Dès l’entame de son allocution, Félix Tshisekedi a salué l’action de l’Alliance des civilisations des Nations unies dans sa quête de coexistence pacifique.
Rappelant l’histoire de l’Angola, le président congolais a salué le parcours d’un pays qui connaît le coût de la guerre et qui s’impose désormais comme un acteur majeur de la désescalade dans la région des Grands Lacs.
Abordant la thématique du sommet, le chef de l’État a refusé de limiter le concept de paix à un simple slogan diplomatique. Face à la persistance du conflit dans l’Est de la RDC, il a rappelé le coût humain des crises.
« Derrière chaque conflit, il y a des vies humaines, des générations sacrifiées et des peuples condamnés à l’incertitude », a martelé Félix Tshisekedi, évoquant les familles déplacées et les femmes victimes de violences. Pour lui, la fin des hostilités doit s’accompagner de justice, de vérité et du respect intangible de l’intégrité territoriale des États.

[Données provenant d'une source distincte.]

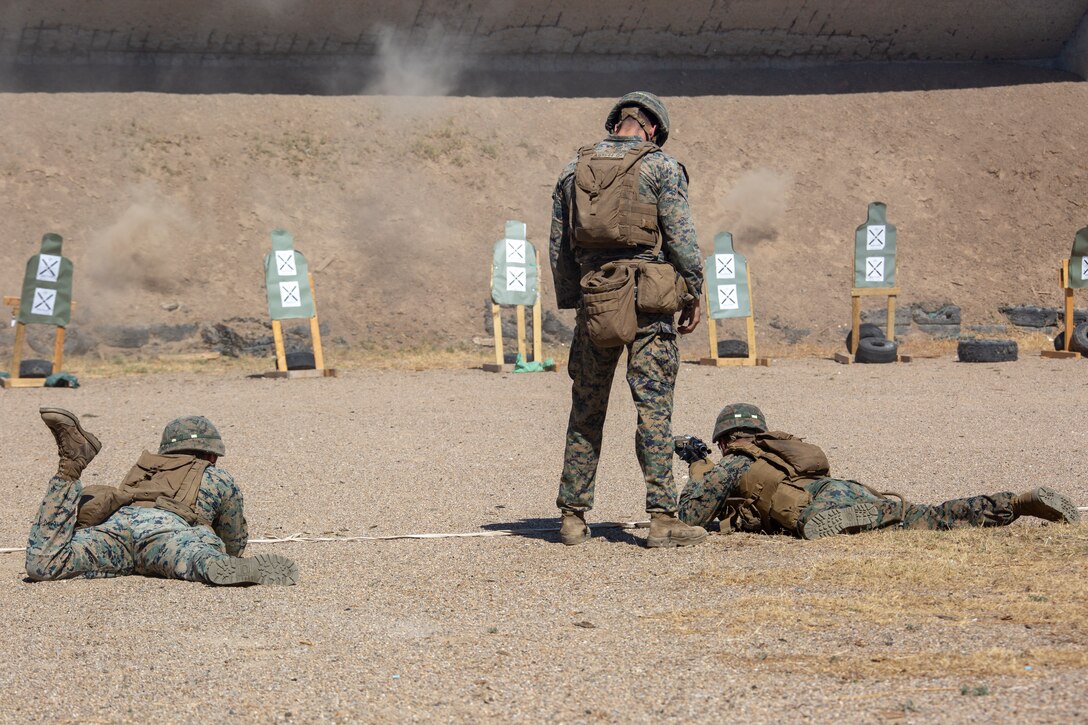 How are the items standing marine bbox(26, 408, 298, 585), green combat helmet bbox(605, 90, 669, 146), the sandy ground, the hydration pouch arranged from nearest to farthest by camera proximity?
standing marine bbox(26, 408, 298, 585) < the hydration pouch < green combat helmet bbox(605, 90, 669, 146) < the sandy ground

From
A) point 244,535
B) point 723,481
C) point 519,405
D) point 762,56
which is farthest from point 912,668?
point 762,56

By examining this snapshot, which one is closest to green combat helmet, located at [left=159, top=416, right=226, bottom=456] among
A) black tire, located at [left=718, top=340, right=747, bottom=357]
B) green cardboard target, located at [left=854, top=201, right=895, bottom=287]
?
black tire, located at [left=718, top=340, right=747, bottom=357]

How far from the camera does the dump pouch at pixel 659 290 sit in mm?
5840

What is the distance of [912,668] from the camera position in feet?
12.5

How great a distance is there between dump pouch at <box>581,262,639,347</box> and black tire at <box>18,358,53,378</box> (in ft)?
37.9

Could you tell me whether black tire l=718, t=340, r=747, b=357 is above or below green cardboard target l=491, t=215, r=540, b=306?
below

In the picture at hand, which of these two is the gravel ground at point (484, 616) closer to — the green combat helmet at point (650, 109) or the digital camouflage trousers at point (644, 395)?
the digital camouflage trousers at point (644, 395)

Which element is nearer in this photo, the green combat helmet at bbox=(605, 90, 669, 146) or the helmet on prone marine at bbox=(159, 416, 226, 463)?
the helmet on prone marine at bbox=(159, 416, 226, 463)

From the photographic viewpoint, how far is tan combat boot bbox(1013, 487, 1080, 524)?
581cm

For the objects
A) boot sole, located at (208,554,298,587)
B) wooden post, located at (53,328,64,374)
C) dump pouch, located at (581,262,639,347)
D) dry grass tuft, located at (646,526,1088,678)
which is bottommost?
dry grass tuft, located at (646,526,1088,678)

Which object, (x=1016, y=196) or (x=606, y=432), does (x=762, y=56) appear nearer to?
(x=1016, y=196)

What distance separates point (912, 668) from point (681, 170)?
2936 mm

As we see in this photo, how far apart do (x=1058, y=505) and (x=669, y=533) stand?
1743mm

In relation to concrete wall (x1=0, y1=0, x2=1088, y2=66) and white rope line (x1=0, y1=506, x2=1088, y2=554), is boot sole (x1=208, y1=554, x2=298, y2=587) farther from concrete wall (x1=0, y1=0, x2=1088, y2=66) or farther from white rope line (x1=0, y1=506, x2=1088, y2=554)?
concrete wall (x1=0, y1=0, x2=1088, y2=66) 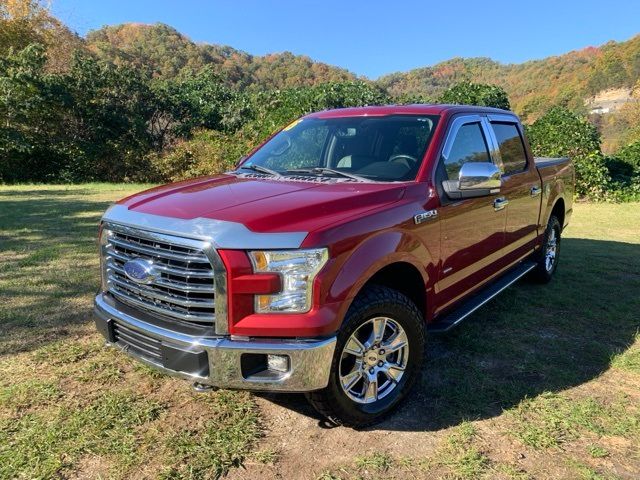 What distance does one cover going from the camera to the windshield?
345 centimetres

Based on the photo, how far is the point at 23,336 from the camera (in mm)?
3967

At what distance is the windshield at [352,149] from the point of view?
3449 mm

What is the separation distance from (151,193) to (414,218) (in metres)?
1.69

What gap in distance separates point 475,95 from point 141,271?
13409 mm

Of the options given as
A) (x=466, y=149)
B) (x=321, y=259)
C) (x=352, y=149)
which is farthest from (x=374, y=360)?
(x=466, y=149)

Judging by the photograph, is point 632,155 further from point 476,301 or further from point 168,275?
point 168,275

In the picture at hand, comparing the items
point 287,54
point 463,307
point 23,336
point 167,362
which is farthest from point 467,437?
point 287,54

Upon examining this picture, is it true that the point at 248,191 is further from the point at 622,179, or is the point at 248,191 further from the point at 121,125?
the point at 121,125

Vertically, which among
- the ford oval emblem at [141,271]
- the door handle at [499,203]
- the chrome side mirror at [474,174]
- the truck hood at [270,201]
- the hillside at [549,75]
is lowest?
the ford oval emblem at [141,271]

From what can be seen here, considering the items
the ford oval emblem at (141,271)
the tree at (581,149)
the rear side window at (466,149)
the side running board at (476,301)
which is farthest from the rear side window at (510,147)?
the tree at (581,149)

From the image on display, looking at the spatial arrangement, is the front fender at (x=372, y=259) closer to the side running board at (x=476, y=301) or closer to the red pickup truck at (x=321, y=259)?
the red pickup truck at (x=321, y=259)

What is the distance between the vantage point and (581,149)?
1286cm

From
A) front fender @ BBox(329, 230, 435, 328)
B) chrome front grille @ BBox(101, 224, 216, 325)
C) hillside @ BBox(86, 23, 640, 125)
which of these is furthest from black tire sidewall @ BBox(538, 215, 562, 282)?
hillside @ BBox(86, 23, 640, 125)

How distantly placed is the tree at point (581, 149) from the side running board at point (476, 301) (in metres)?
9.23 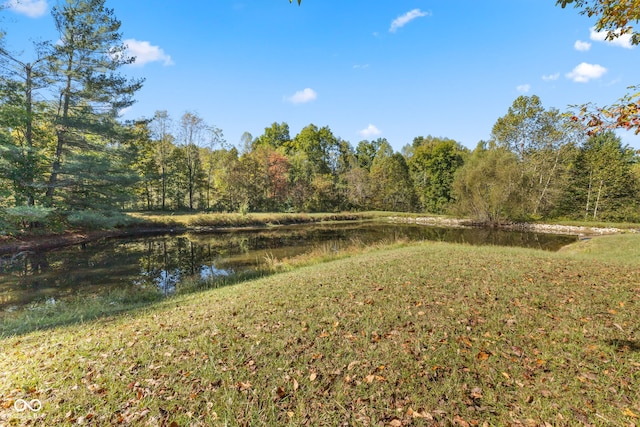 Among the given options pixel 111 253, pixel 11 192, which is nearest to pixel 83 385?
pixel 111 253

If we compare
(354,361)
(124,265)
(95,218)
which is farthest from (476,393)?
(95,218)

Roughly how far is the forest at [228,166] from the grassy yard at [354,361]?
2.76m

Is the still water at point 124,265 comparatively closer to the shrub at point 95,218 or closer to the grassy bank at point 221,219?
the shrub at point 95,218

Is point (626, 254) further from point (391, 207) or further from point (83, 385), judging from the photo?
point (391, 207)

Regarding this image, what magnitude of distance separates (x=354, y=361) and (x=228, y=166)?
3749 centimetres

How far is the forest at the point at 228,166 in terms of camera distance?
673 inches

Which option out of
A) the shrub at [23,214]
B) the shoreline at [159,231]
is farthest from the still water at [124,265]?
the shrub at [23,214]

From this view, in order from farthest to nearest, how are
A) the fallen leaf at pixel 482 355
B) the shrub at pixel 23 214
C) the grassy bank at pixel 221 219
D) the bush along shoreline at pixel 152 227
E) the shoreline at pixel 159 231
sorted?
the grassy bank at pixel 221 219 → the bush along shoreline at pixel 152 227 → the shoreline at pixel 159 231 → the shrub at pixel 23 214 → the fallen leaf at pixel 482 355

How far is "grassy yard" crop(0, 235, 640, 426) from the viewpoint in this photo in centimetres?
288

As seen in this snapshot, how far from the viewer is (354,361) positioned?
146 inches

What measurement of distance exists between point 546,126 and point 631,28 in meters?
37.0

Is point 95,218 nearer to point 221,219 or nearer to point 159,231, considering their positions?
point 159,231

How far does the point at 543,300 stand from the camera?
17.7ft

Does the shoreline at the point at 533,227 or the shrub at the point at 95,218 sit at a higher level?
the shrub at the point at 95,218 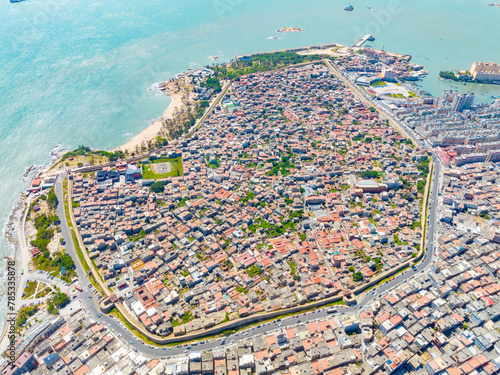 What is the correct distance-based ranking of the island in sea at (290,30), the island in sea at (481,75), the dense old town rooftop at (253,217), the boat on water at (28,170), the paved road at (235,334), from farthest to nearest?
the island in sea at (290,30) → the island in sea at (481,75) → the boat on water at (28,170) → the dense old town rooftop at (253,217) → the paved road at (235,334)

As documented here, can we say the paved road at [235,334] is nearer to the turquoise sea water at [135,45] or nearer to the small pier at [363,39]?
the turquoise sea water at [135,45]

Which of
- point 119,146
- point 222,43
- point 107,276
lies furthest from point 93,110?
point 222,43

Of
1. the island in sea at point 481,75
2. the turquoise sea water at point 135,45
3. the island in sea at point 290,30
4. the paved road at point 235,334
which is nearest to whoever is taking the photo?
the paved road at point 235,334

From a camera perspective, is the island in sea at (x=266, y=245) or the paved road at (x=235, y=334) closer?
the island in sea at (x=266, y=245)

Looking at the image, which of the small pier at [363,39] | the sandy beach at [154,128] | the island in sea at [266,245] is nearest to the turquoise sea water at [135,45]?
the sandy beach at [154,128]

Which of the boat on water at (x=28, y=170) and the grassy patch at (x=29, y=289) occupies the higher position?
the boat on water at (x=28, y=170)

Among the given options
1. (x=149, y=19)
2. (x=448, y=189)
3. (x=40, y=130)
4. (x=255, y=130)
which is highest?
(x=149, y=19)

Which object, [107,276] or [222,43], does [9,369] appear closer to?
[107,276] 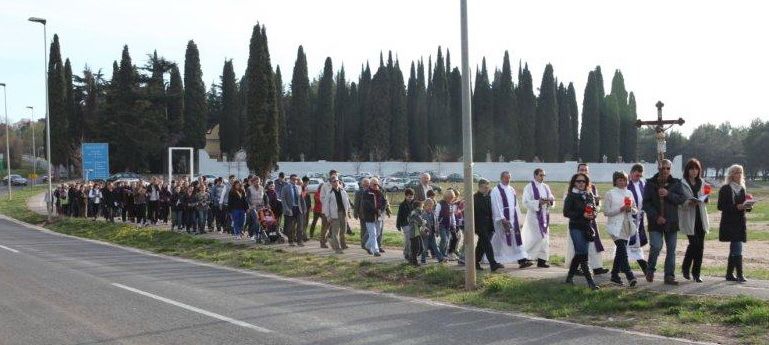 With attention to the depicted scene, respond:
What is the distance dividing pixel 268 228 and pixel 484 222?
789cm

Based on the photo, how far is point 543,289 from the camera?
10.6 meters

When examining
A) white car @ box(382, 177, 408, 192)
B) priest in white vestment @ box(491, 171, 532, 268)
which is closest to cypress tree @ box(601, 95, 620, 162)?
white car @ box(382, 177, 408, 192)

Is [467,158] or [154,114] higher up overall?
[154,114]

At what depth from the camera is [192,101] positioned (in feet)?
231

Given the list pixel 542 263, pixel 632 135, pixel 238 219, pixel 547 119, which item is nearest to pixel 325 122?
pixel 547 119

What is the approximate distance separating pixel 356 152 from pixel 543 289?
68833mm

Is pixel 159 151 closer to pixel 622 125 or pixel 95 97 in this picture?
pixel 95 97

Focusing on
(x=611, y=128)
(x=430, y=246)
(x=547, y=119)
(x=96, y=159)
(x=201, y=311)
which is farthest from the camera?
(x=611, y=128)

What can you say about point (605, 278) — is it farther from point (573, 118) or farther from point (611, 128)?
point (573, 118)

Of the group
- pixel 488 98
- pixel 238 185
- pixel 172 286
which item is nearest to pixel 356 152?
pixel 488 98

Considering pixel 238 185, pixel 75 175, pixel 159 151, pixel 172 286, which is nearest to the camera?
pixel 172 286

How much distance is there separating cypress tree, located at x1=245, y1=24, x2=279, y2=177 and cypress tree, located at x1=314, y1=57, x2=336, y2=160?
13846mm

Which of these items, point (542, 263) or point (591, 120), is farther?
point (591, 120)

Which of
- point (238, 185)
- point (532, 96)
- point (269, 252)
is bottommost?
point (269, 252) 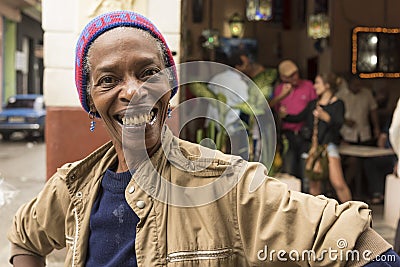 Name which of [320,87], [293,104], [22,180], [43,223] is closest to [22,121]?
[22,180]

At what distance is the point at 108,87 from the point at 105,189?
0.31 meters

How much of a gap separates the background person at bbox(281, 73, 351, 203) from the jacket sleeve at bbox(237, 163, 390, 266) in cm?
582

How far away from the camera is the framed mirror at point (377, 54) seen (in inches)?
445

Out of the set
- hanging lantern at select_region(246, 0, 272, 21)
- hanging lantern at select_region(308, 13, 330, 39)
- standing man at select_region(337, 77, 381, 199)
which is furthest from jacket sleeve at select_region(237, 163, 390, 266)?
hanging lantern at select_region(308, 13, 330, 39)

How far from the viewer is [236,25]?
506 inches

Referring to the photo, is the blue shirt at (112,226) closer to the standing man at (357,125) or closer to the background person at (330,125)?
the background person at (330,125)

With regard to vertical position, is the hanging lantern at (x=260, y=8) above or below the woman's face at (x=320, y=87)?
above

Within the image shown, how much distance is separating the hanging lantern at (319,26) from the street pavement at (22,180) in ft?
13.9

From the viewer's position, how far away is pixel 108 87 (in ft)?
5.36

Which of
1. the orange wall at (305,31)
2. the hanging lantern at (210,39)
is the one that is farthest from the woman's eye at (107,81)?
the hanging lantern at (210,39)

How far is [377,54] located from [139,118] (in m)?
10.3

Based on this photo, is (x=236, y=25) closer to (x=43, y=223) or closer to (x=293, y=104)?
(x=293, y=104)

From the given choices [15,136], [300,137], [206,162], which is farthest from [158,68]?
[15,136]

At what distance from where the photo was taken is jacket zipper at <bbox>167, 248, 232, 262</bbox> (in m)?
1.50
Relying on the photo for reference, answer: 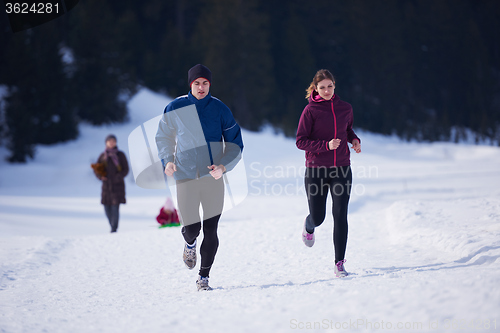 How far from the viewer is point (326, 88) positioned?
402cm

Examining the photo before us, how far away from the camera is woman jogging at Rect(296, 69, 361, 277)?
3.97 m

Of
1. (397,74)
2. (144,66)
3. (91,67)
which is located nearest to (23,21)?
(91,67)

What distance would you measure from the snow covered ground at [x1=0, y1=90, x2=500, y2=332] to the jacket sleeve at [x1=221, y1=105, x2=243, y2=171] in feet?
3.43

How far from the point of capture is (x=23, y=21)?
19281 mm

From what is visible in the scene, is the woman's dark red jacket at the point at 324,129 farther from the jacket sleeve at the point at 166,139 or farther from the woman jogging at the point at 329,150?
the jacket sleeve at the point at 166,139

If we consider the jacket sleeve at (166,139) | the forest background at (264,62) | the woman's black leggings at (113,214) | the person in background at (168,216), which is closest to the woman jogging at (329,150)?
the jacket sleeve at (166,139)

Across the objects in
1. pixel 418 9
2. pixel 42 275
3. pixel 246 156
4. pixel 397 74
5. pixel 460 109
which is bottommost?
pixel 42 275

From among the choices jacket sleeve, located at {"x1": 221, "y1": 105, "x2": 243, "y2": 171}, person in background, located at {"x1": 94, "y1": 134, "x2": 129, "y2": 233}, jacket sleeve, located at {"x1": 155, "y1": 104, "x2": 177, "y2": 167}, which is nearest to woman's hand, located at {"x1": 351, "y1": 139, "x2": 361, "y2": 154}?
jacket sleeve, located at {"x1": 221, "y1": 105, "x2": 243, "y2": 171}

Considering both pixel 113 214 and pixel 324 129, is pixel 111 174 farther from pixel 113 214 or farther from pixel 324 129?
pixel 324 129

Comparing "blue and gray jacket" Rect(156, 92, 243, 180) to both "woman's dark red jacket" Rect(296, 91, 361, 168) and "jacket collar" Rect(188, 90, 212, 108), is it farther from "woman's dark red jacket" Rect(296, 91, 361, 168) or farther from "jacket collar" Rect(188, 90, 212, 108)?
"woman's dark red jacket" Rect(296, 91, 361, 168)

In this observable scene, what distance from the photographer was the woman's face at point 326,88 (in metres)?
4.02

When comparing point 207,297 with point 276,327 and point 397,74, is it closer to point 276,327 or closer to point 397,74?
point 276,327

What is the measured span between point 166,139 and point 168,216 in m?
4.43

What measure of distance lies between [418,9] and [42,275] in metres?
45.5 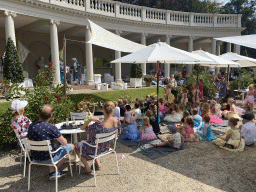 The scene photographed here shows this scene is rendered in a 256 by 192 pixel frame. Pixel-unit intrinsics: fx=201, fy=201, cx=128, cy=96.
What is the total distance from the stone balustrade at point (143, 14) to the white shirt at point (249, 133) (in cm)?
1253

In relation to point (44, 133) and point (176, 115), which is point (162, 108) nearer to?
point (176, 115)

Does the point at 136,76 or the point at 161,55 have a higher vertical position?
the point at 161,55

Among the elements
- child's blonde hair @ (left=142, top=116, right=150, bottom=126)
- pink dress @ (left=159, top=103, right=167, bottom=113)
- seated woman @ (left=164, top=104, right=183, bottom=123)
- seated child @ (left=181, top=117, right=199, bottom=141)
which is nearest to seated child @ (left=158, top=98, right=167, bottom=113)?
pink dress @ (left=159, top=103, right=167, bottom=113)

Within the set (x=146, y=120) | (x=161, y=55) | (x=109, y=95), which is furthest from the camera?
(x=109, y=95)

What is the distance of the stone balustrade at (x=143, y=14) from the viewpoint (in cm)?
1446

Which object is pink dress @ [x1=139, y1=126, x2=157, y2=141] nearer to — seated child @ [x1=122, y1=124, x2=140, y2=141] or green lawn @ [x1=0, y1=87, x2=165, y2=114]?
seated child @ [x1=122, y1=124, x2=140, y2=141]

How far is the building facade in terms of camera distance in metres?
12.2

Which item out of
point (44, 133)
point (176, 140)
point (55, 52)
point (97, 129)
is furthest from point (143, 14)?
point (44, 133)

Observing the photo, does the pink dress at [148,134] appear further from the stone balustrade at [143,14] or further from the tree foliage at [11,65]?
the stone balustrade at [143,14]

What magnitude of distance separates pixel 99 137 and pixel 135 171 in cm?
112

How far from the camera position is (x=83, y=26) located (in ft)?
48.9

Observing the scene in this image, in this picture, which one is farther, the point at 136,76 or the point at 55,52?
the point at 136,76

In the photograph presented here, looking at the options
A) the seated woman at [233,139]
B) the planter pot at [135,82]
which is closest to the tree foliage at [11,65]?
the planter pot at [135,82]

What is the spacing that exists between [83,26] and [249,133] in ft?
43.1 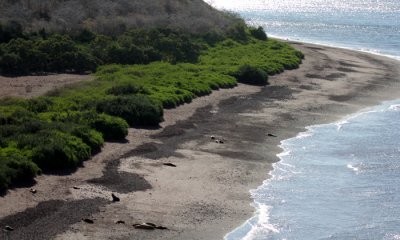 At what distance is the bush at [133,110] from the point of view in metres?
38.1

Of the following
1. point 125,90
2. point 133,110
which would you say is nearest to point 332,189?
point 133,110

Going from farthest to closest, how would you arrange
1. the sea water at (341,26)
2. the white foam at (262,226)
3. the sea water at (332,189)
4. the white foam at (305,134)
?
the sea water at (341,26) < the white foam at (305,134) < the sea water at (332,189) < the white foam at (262,226)

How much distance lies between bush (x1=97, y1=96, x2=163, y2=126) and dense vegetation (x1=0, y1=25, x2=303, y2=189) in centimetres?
4

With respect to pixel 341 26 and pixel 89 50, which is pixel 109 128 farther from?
pixel 341 26

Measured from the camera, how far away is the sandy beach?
24.3 meters

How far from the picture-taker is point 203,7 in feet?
270

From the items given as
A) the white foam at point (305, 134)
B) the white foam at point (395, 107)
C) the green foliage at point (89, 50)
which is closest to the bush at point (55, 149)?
the white foam at point (305, 134)

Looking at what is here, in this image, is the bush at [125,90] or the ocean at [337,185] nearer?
the ocean at [337,185]

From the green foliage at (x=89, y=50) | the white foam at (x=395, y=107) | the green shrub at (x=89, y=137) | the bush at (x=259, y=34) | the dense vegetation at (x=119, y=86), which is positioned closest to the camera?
the dense vegetation at (x=119, y=86)

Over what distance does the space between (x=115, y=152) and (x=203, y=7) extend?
168 feet

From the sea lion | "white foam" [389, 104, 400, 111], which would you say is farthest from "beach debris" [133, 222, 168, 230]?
"white foam" [389, 104, 400, 111]

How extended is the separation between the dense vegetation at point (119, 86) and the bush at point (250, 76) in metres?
0.06

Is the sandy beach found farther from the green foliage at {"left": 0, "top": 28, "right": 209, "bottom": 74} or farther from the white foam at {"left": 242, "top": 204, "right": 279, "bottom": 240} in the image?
the green foliage at {"left": 0, "top": 28, "right": 209, "bottom": 74}

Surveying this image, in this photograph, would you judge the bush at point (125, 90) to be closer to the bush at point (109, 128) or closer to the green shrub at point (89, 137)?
the bush at point (109, 128) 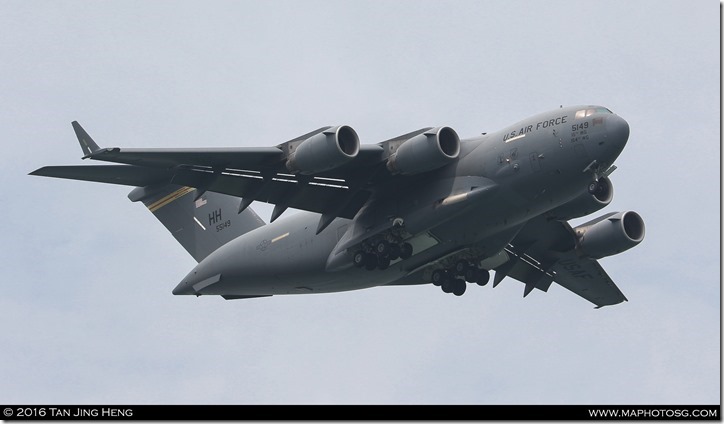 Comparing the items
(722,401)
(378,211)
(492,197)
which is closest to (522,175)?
(492,197)

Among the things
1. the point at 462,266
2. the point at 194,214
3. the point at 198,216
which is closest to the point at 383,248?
the point at 462,266

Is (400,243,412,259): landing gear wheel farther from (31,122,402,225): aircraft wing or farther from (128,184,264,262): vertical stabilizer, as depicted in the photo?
(128,184,264,262): vertical stabilizer

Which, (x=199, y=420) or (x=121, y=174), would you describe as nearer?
(x=199, y=420)

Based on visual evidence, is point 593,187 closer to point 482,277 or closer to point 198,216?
point 482,277

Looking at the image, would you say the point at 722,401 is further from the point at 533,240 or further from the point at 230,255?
the point at 230,255

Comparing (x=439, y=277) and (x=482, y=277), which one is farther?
(x=439, y=277)

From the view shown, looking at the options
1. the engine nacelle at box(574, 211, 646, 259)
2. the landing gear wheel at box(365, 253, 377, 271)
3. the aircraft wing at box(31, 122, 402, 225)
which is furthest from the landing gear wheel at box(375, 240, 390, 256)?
the engine nacelle at box(574, 211, 646, 259)

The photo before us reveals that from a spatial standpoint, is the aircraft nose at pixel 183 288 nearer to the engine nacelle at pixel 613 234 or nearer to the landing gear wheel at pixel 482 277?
the landing gear wheel at pixel 482 277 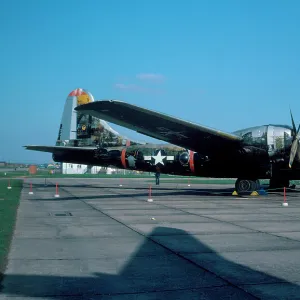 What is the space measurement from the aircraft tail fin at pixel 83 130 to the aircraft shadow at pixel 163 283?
67.6ft

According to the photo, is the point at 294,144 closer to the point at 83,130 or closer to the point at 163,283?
the point at 83,130

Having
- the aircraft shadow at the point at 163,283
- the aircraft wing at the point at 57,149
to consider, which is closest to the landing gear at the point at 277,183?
the aircraft wing at the point at 57,149

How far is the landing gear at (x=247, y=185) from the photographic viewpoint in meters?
22.4

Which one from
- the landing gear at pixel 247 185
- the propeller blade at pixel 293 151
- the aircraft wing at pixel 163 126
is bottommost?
the landing gear at pixel 247 185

Le point fort du discours du président congolais a résidé dans son exigence d’une justice globale et équitable. Félix Tshisekedi a fermement dénoncé toute approche sélective qui affaiblirait l’ordre juridique mondial.
« La paix exige la cohérence, le droit exige l’universalité », a-t-il soutenu. À travers cette déclaration, Kinshasa appelle la communauté internationale à faire preuve de la même fermeté en Afrique centrale que face aux autres crises mondiales, en appliquant les principes du droit international de manière totalement uniforme.
Notons que, ce plaidoyer s’inscrit au cœur même de la mission historique de ce 3ème Sommet de l’Alliance des civilisations des Nations Unies. Intitulé « Luanda Call for Peace », ce forum international est précisément convoqué pour formuler un appel mondial à la paix, imposer une fin définitive aux guerres et restaurer le respect du droit international. Alors que les travaux se clôturent demain, les déclarations de Félix Tshisekedi rappellent que pour les nations meurtries comme la RDC, l’issue de ce sommet ne relève pas de la théorie, mais d’une nécessité vitale pour la survie des populations.